▶ [Provided material]
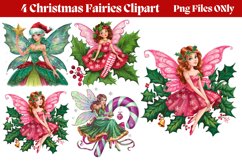 Christmas Fairies Clipart PNG Product Image 1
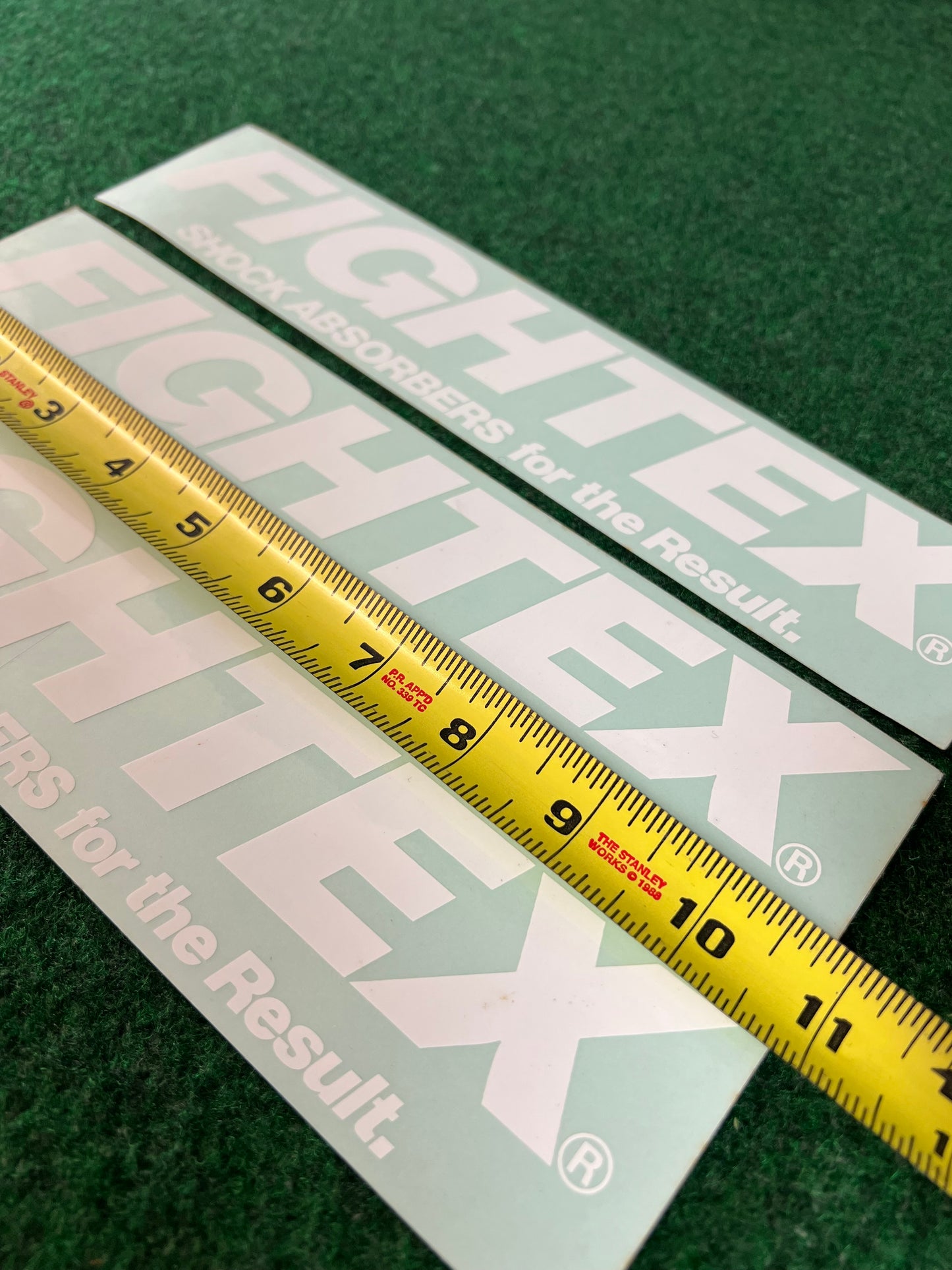 FIGHTEX - SHOCK ABSORBERS for the Result Sticker Decal Set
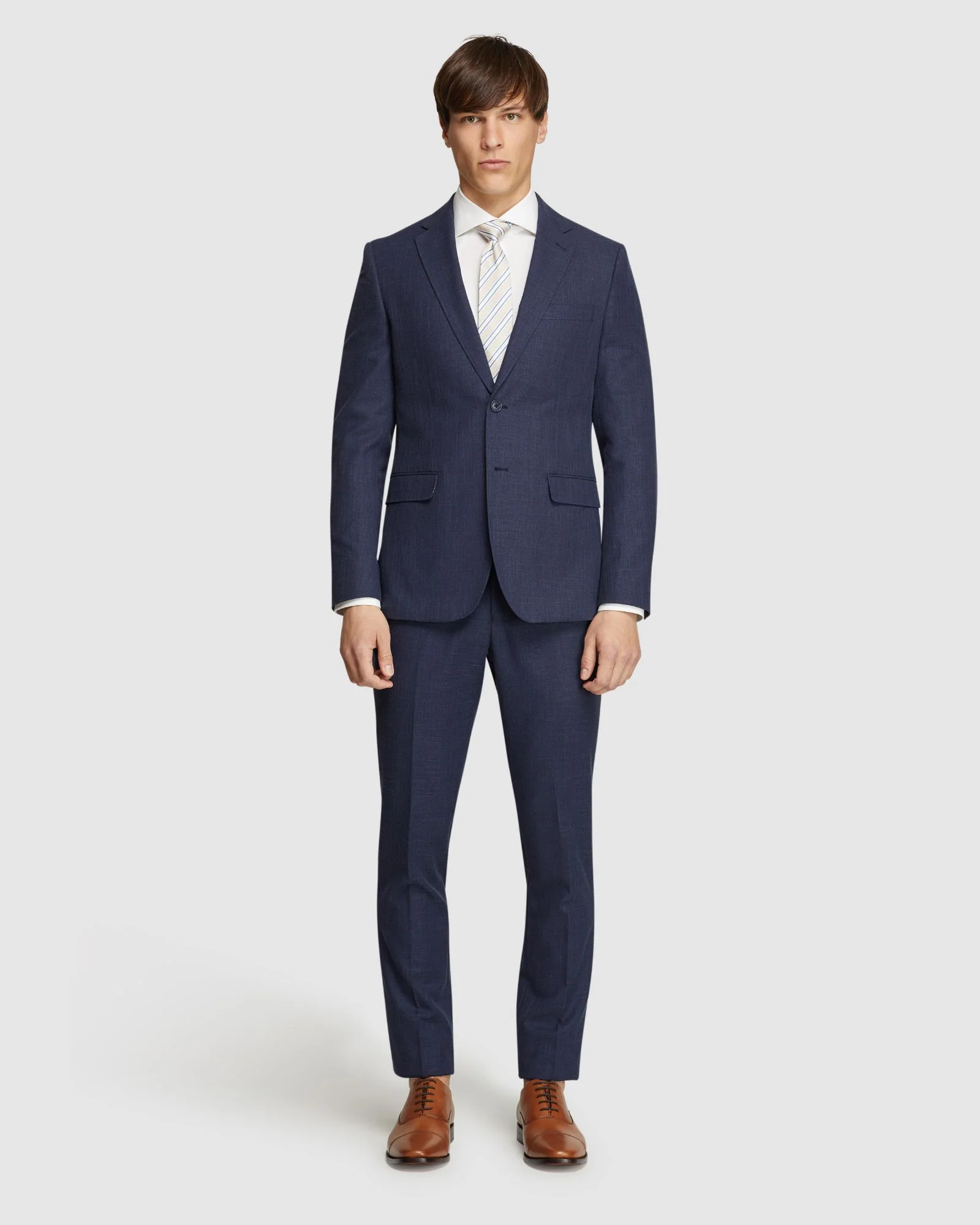 Byron Wool Rich Suit Trousers - Image 5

▶ [Your task]
Write out the data exactly, but not its pictures.

▶ [Answer area]
 Christmas Fairies Clipart PNG Product Image 1
 FIGHTEX - SHOCK ABSORBERS for the Result Sticker Decal Set
 Byron Wool Rich Suit Trousers - Image 5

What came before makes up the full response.